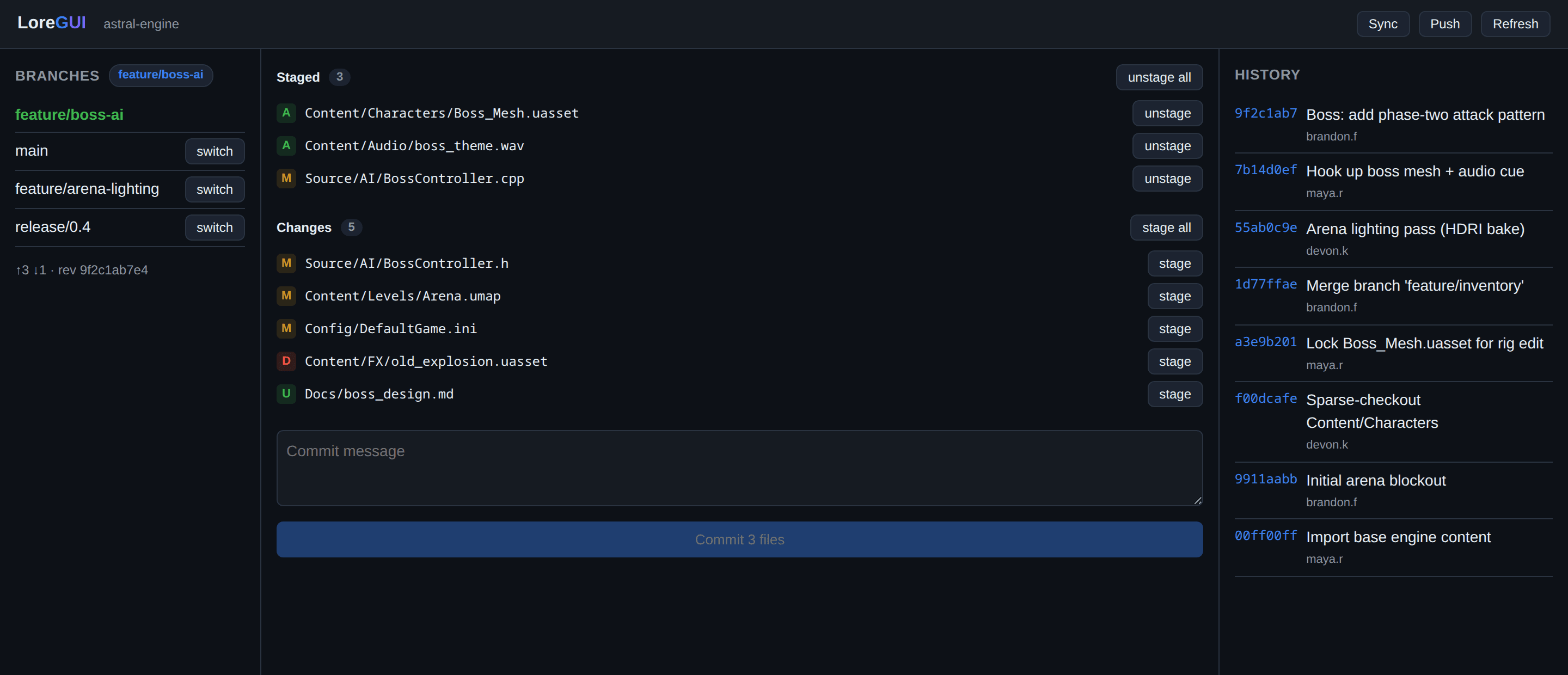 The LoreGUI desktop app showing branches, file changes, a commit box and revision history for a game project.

____

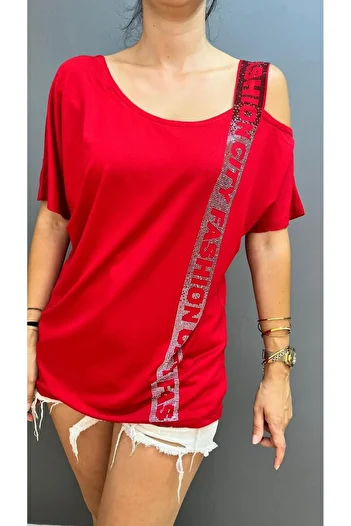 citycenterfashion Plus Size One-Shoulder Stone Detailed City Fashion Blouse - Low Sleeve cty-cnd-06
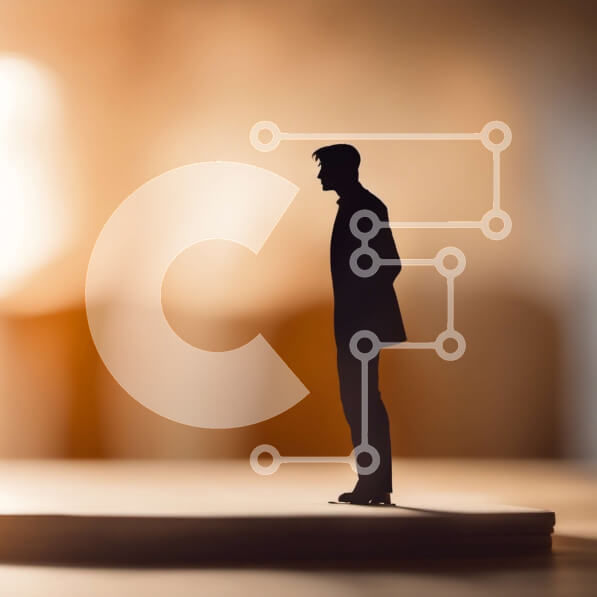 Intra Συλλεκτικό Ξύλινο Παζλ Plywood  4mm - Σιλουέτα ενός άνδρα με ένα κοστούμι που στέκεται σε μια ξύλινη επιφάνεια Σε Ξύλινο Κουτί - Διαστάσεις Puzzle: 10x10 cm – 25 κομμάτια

____

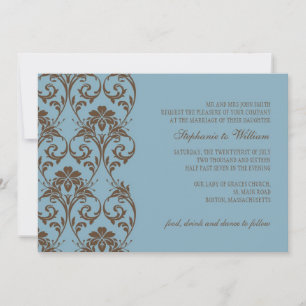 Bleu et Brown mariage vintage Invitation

____

- **EXERCISE DESCRIPTION**: The reply should hold the entries above from the line with "citycenterfashion Plus Size" to the line with "Intra Συλλεκτικό Ξύλινο", duplicated exactly, pictures excluded.

- **TASK OUTPUT**:
 citycenterfashion Plus Size One-Shoulder Stone Detailed City Fashion Blouse - Low Sleeve cty-cnd-06
 Intra Συλλεκτικό Ξύλινο Παζλ Plywood  4mm - Σιλουέτα ενός άνδρα με ένα κοστούμι που στέκεται σε μια ξύλινη επιφάνεια Σε Ξύλινο Κουτί - Διαστάσεις Puzzle: 10x10 cm – 25 κομμάτια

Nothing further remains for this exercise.